- Work to be completed
What follows is a set of entries. Repeat them exactly, but not their pictures.

##### Data extract

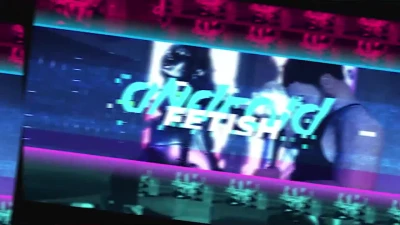 Cyberotica Freak-Off - movie with sex and storyline [Trailer]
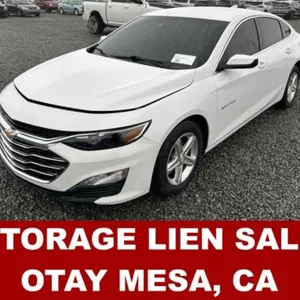 (CA) 2023 Chevrolet Malibu
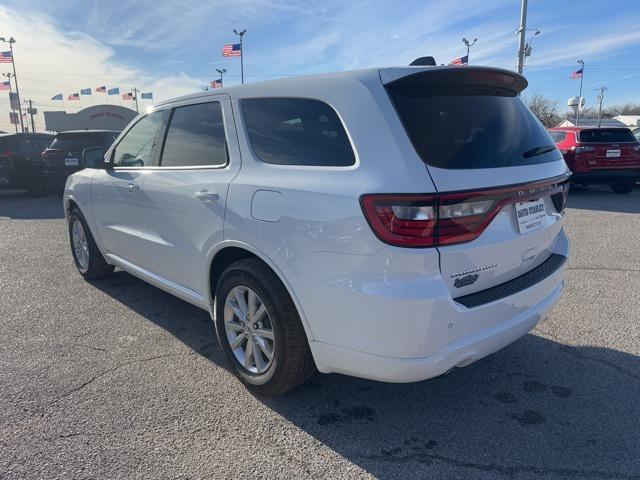 new 2025 Dodge Durango car, priced at $32,095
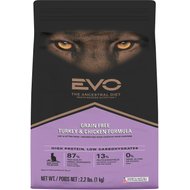 evo cat dry food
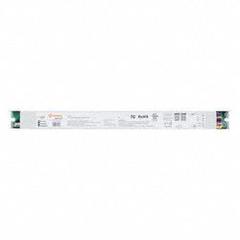 LEDVANCE/ SYLVANIA LED Driver: Class 2, 85 W Max. Power Output, 120 to 347V AC, 8 to 55V DC, 2300 mA (MPN 75898 LEDrv85UNHL2300DIM1AUXNFC). Key specifications — Brand: LEDVANCE/ SYLVANIA; Input Voltage: 120 to 347V AC; Output Voltage: 8 to 55V DC; Dimming Method: 0-10V; Output Current: 2300 mA.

##########

- Result for this task
 Cyberotica Freak-Off - movie with sex and storyline [Trailer]
 (CA) 2023 Chevrolet Malibu
 new 2025 Dodge Durango car, priced at $32,095
 evo cat dry food
 LEDVANCE/ SYLVANIA LED Driver: Class 2, 85 W Max. Power Output, 120 to 347V AC, 8 to 55V DC, 2300 mA (MPN 75898 LEDrv85UNHL2300DIM1AUXNFC). Key specifications — Brand: LEDVANCE/ SYLVANIA; Input Voltage: 120 to 347V AC; Output Voltage: 8 to 55V DC; Dimming Method: 0-10V; Output Current: 2300 mA.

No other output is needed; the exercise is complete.